El Pepino tree frog
- Conservation status: Vulnerable (IUCN 3.1)

Scientific classification
- Kingdom: Animalia
- Phylum: Chordata
- Class: Amphibia
- Order: Anura
- Family: Hylidae
- Genus: Hyloscirtus
- Species: H. torrenticola
- Binomial name: Hyloscirtus torrenticola (Duellman & Altig, 1978)

= El Pepino tree frog =

- Authority: (Duellman & Altig, 1978)
- Conservation status: VU

Species of amphibian

The El Pepino tree frog (Hyloscirtus torrenticola) is a species of frog in the family Hylidae found in Colombia and Ecuador. Its natural habitats are subtropical or tropical moist lowland forests, subtropical or tropical moist montane forests, rivers, and swamps. It is threatened by habitat loss.

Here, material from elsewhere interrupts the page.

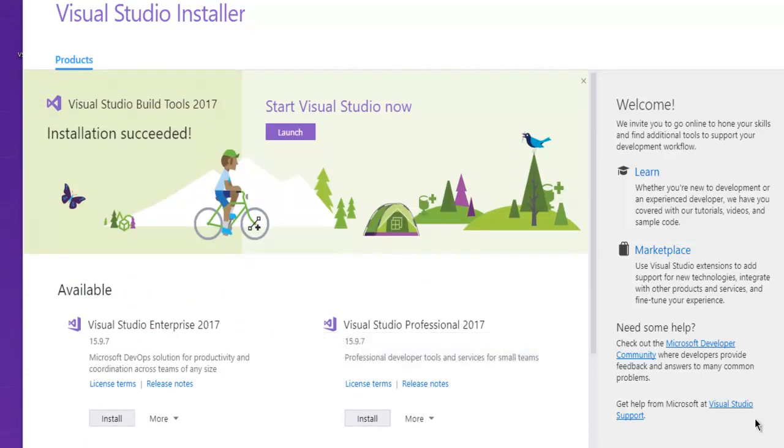Now you can close this installer, and you can start installing the applications that require Visual Studio Build Tools 2017.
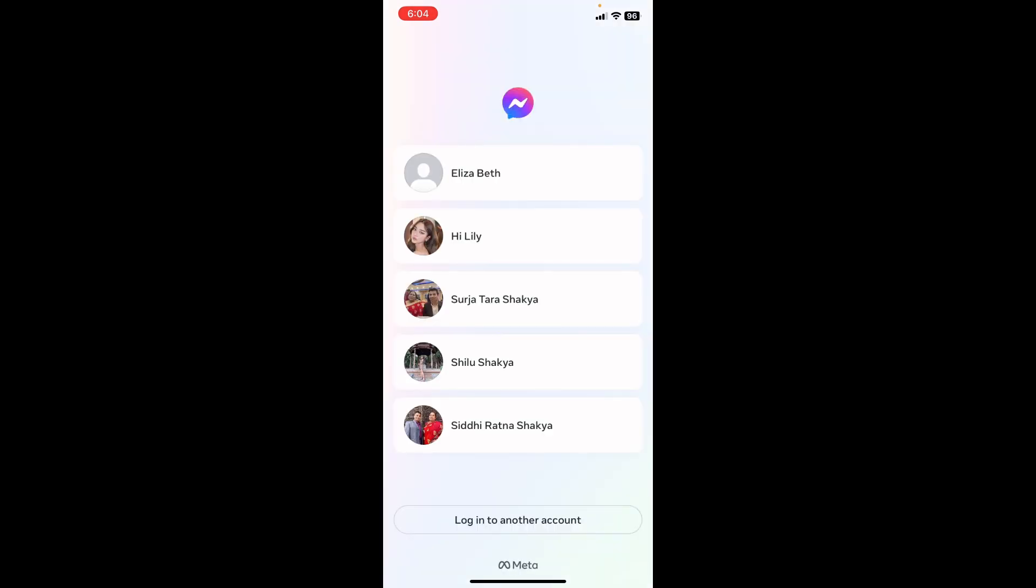So sign in to your account and start enjoying Messenger. That's it for this tutorial. Thanks for watching and subscribe to our channel for more tutorials like this.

The adult male frog measures 31.5–35.5 mm in snout-vent length and the adult female frog about 34.9 mm. The skin of the dorsum is uniform green and the skin of the ventrum white.

This frog is nocturnal. Scientists believe this frog lays eggs in streams because other frogs in Hyloscritus do so.

The scientific name of this frog comes from Latin for "lives in fast-moving water."